Isaiah chapter fifty-five presents us with a vision of a world redeemed. God calls everyone to come and drink from the waters. Come, drink water not drawn out of a well by human sweat and toil but, instead, flows freely, with room enough for everyone at its banks.
But we need food as well. So God calls, but this time to those with nothing. Come, you who have no money. Come, buy grain, and eat.
How can those who are not simply poor but penniless buy anything? Buying involves money or, at least, something of value that can be offered in exchange. How can this be?
There’s no mistake in the translation. The word used is the same one used when Joseph is managing the storehouses in Egypt during the famine. People from everywhere, including his brothers, came to buy grain. This is not a gift like the waters flowing through the world. No, the penniless, in this vision, are buying bread.

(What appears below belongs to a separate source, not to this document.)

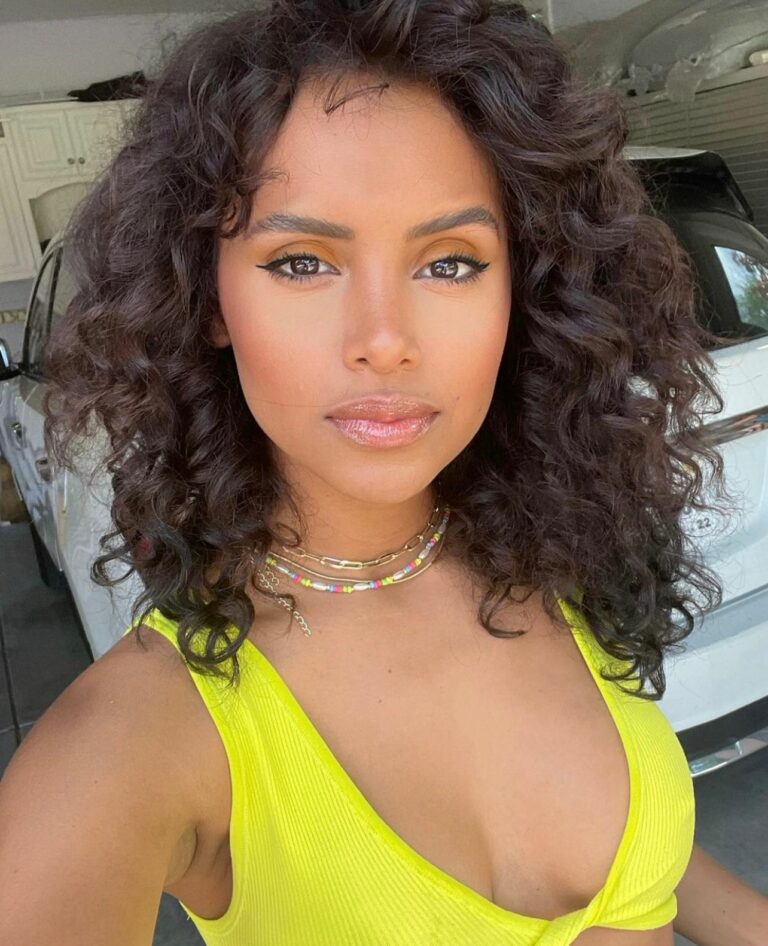 Gleici entra em clima de festa junina e surge deslumbrante no arraial da Juh Vellegas; veja foto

But, how? They have no money. They have nothing of value.
Perhaps those who have much, under the Reign of God, will empty their pockets, spread their wealth far and wide to provide the poor some value. But that is not what it says. God is not calling those who now have money. No, the One is calling those with no money.
This can only be some kind of miracle. All things, we are told, are possible for God. And so it must be. Because, in this world, still waiting for its fulfillment, groaning for Christ’s appearance, those without money cannot buy anything.
Again, buying implies having something of value that can be given in exchange. Money defines the value you have, right? Those with a lot of it have lots of value. Some had value but have lost it, either through mismanagement or circumstance. Some have never had it. And these must work in order to earn their value so that they might buy and eat.
This is, of course, why we must be careful about what we give to those who aren’t working, isn’t it? We can give them money, but that doesn’t really increase their value. Yes, they now have something with which to purchase grain, but what they have is devalued. They never earned it. And it robs us, we who have value, of our value. What does our value mean if it doesn’t have to be earned?
Unless this value that buys grain for food isn’t something we earn? Then where does the value come from?
Jesus said, not one sparrow, worth less than a penny, falls to the ground unnoticed by their Creator. You are of much greater value, he said, than the sparrows.
We did nothing for it. We’ve, likely, done much to devalue ourselves, but we have value. It is the value that comes with being part of Creation, being someone who Christ loves and knows by name. It’s a value even the penniless carry with them.
And it is more than enough with which to buy bread.